Data records
▼

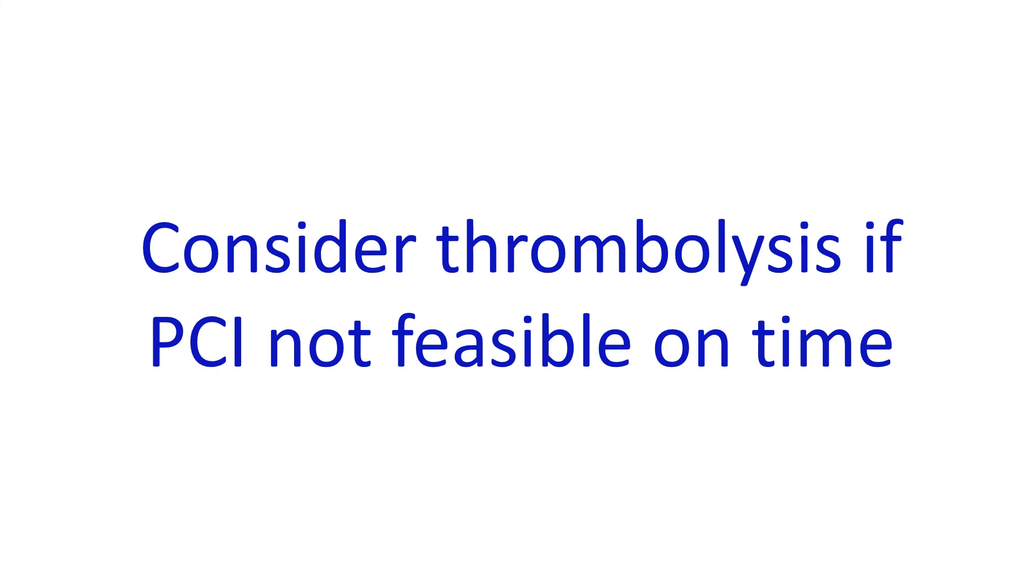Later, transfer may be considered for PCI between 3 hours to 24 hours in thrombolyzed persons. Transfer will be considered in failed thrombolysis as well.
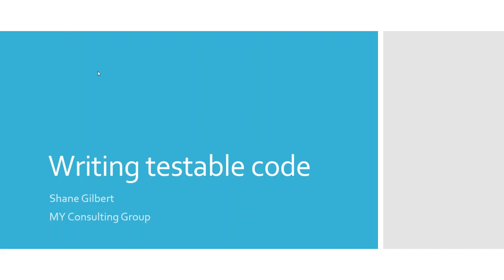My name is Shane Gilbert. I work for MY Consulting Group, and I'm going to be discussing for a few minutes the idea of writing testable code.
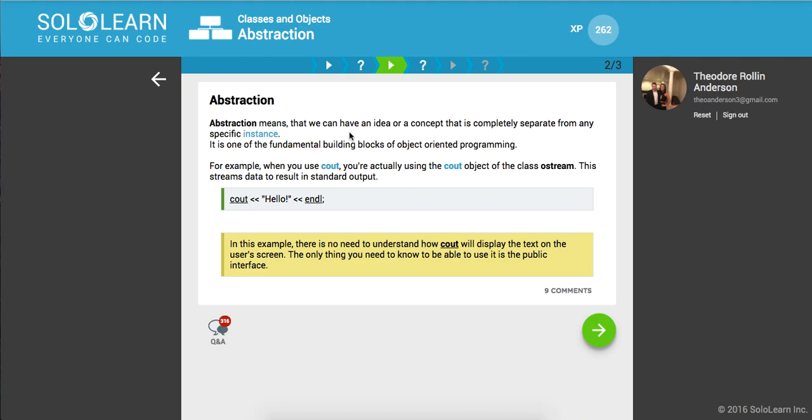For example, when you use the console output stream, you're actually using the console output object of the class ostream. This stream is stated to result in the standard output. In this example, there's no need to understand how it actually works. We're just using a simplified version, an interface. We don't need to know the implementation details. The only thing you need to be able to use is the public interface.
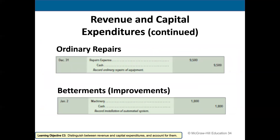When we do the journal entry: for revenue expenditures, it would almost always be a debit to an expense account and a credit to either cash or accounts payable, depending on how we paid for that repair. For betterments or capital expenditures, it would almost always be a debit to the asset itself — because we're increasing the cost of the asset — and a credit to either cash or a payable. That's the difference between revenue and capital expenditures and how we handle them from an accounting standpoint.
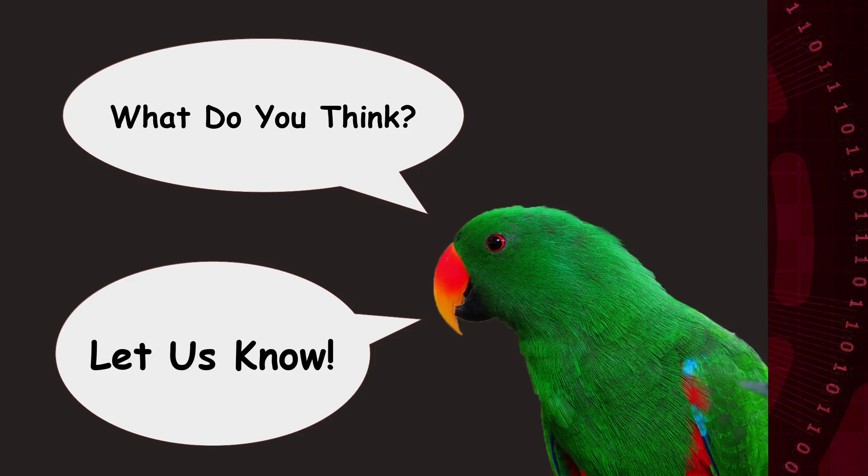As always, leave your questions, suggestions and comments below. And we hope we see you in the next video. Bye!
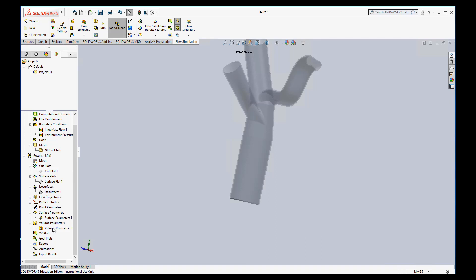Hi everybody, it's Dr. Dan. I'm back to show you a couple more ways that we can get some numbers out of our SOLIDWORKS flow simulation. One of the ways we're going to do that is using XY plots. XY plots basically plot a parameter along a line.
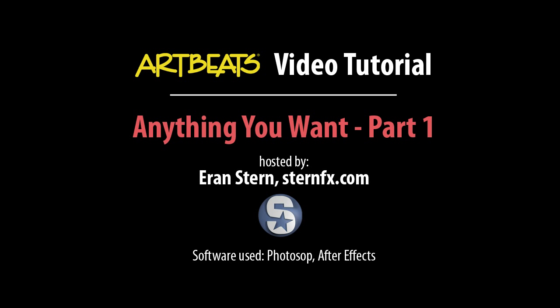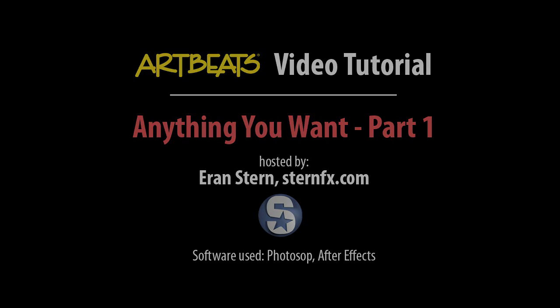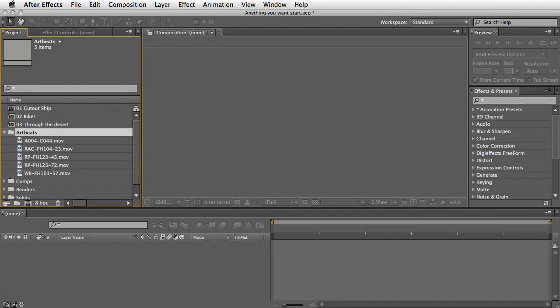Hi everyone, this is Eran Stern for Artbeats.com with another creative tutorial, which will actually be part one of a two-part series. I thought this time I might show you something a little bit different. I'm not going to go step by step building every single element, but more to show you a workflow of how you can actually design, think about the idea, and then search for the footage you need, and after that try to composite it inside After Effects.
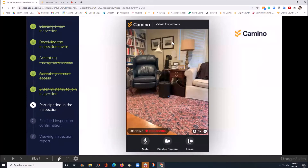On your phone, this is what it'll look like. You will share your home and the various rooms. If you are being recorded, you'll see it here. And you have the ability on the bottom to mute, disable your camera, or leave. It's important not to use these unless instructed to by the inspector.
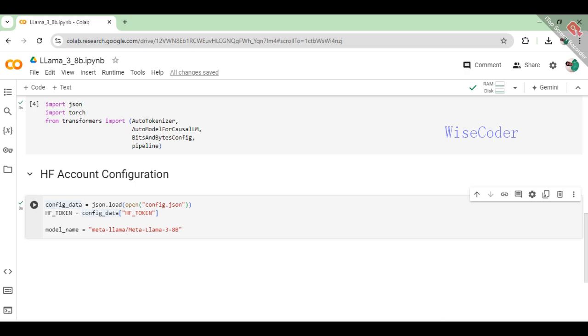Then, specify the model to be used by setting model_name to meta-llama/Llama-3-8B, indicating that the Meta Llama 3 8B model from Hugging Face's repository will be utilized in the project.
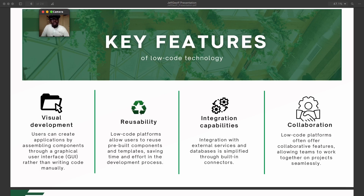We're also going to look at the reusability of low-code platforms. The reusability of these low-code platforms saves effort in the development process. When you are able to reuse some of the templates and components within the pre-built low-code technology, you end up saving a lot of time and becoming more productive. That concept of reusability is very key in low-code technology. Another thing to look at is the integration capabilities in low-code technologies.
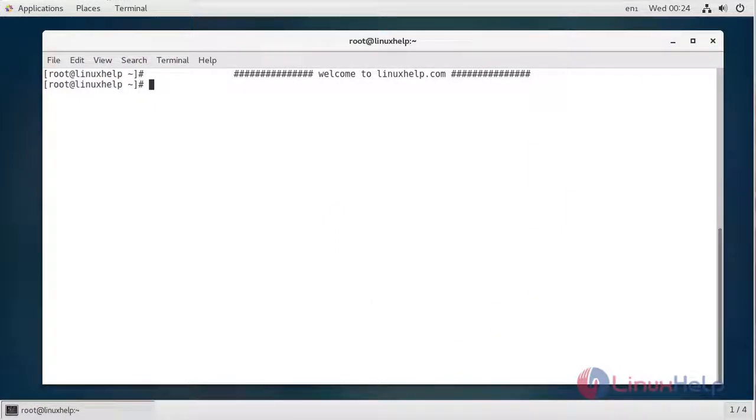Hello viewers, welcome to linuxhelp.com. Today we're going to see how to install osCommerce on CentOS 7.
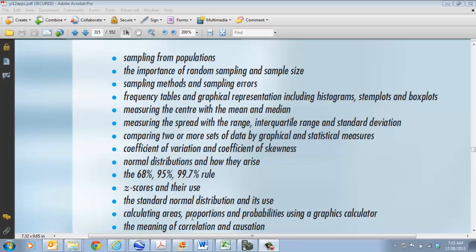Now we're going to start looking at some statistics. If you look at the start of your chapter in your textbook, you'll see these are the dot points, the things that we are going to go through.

▲

§ WHAT IS BEING ASKED:
All the records above need to be given again word for word. Skip the pictures.

§ EXERCISE OUTPUT:
Later, transfer may be considered for PCI between 3 hours to 24 hours in thrombolyzed persons. Transfer will be considered in failed thrombolysis as well.
My name is Shane Gilbert. I work for MY Consulting Group, and I'm going to be discussing for a few minutes the idea of writing testable code.
For example, when you use the console output stream, you're actually using the console output object of the class ostream. This stream is stated to result in the standard output. In this example, there's no need to understand how it actually works. We're just using a simplified version, an interface. We don't need to know the implementation details. The only thing you need to be able to use is the public interface.
When we do the journal entry: for revenue expenditures, it would almost always be a debit to an expense account and a credit to either cash or accounts payable, depending on how we paid for that repair. For betterments or capital expenditures, it would almost always be a debit to the asset itself — because we're increasing the cost of the asset — and a credit to either cash or a payable. That's the difference between revenue and capital expenditures and how we handle them from an accounting standpoint.
As always, leave your questions, suggestions and comments below. And we hope we see you in the next video. Bye!
Hi everybody, it's Dr. Dan. I'm back to show you a couple more ways that we can get some numbers out of our SOLIDWORKS flow simulation. One of the ways we're going to do that is using XY plots. XY plots basically plot a parameter along a line.
Hi everyone, this is Eran Stern for Artbeats.com with another creative tutorial, which will actually be part one of a two-part series. I thought this time I might show you something a little bit different. I'm not going to go step by step building every single element, but more to show you a workflow of how you can actually design, think about the idea, and then search for the footage you need, and after that try to composite it inside After Effects.
On your phone, this is what it'll look like. You will share your home and the various rooms. If you are being recorded, you'll see it here. And you have the ability on the bottom to mute, disable your camera, or leave. It's important not to use these unless instructed to by the inspector.
Then, specify the model to be used by setting model_name to meta-llama/Llama-3-8B, indicating that the Meta Llama 3 8B model from Hugging Face's repository will be utilized in the project.
We're also going to look at the reusability of low-code platforms. The reusability of these low-code platforms saves effort in the development process. When you are able to reuse some of the templates and components within the pre-built low-code technology, you end up saving a lot of time and becoming more productive. That concept of reusability is very key in low-code technology. Another thing to look at is the integration capabilities in low-code technologies.
Hello viewers, welcome to linuxhelp.com. Today we're going to see how to install osCommerce on CentOS 7.
Now we're going to start looking at some statistics. If you look at the start of your chapter in your textbook, you'll see these are the dot points, the things that we are going to go through.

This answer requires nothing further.